I'm using Flexbox to make a responsive site (first time I've done either of those, bear in mind) and it was all going well until I realised at some point that flex items with the same properties weren't behaving the same way.
Have a look at this, I had some issues with the page in Chrome even though I ran the CSS through Autoprefixer, but that's another issue. If you have issues with this, it might be an idea to open it in Safari, which I started testing it in. You'll have to narrow the JS window to make the left-hand side visible. https://jsfiddle.net/5p7fcmxb/1/
It's ugly as sin, since I made everything different colours to differentiate them and switched everything to default fonts for the purposes of this thread. Anyway, the basic problem is that the #headerleft
, #blueleft
and #footerleft
should line up perfectly, since they have the same flex properties, as shown below:
#headerleft {
background-color: red;
height: 75px;
-webkit-box-ordinal-group: 2;
-ms-flex-order: 1;
order: 1;
-webkit-box-flex: 1;
-ms-flex: 1 2 250px;
flex: 1 2 250px;
}
#blueleft {
background-color: yellow;
-webkit-box-ordinal-group: 5;
-ms-flex-order: 4;
order: 4;
-webkit-box-flex: 1;
-ms-flex: 1 2 250px;
flex: 1 2 250px;
}
#footerleft {
background-color: red;
height: auto;
padding: 0px;
margin: 0px;
-webkit-box-ordinal-group: 8;
-ms-flex-order: 7;
order: 7;
-webkit-box-flex: 1;
-ms-flex: 1 2 250px;
flex: 1 2 250px;
}
But if you expand that JSfiddle window out, you can see that they're all different widths. At first I thought since they're in separate header
, middle
, and footer
divs, which are themselves children of the overall #container
div, they might be wrapping slightly to the left of the screen for some reason. I set everything 10px from the left and they all lined up at that side, so this seems to be an issue with the growth. If I shrink the page as narrow as it will go, the #blueleft
and #footerleft
elements are invisble, yet the #headerleft
div still can still be seen. You might have noticed the middle and right-hand divs don't line up either, but the answer to the problem of the left-hand divs should apply to them too.

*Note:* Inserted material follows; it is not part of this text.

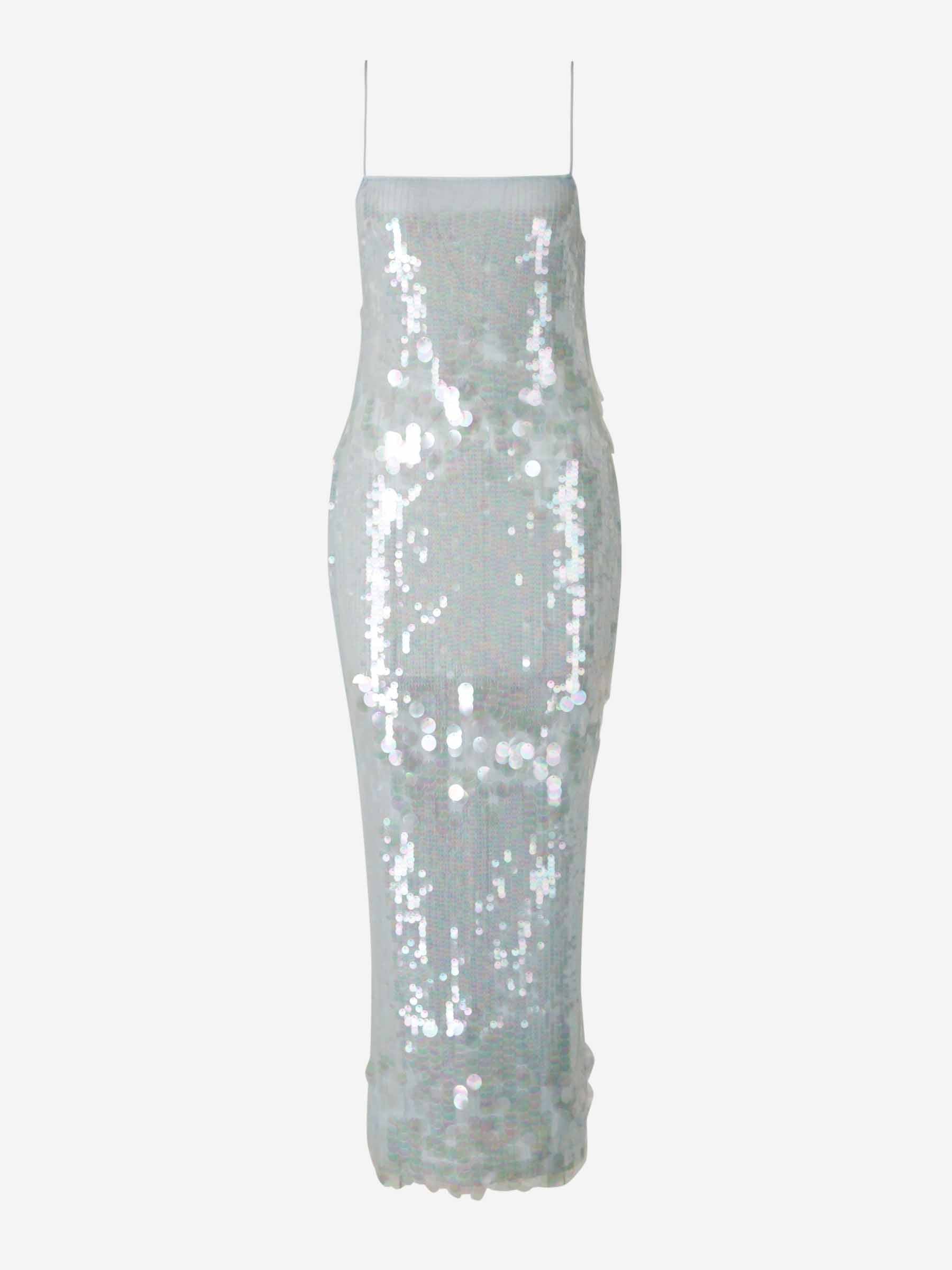 Outlet online Retrofête Mujer Vestido Midi Alana color Azul Celeste sku 721-000456 01 - Foto 1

The idea was that the text in #headermiddle
and #footermiddle
would line up perfectly with the #contentbox
div, and I'm sure I remember everything lining up at different viewport sizes when I was working on this yesterday, so I'm not sure if I've done something to break it along the way.
(If you're wondering why I have three flex containers in the first place, as opposed to having one flex container with just three main columns, it's so I could get the header, content box and footer text aligning, as well as having the content box expand according to how much text is inside. I suspect there is an easier way to achieve all of that that I'm not aware of (again, I've been properly doing this for about five or six weeks now) and having those three flex containers was where I went wrong at the first step.)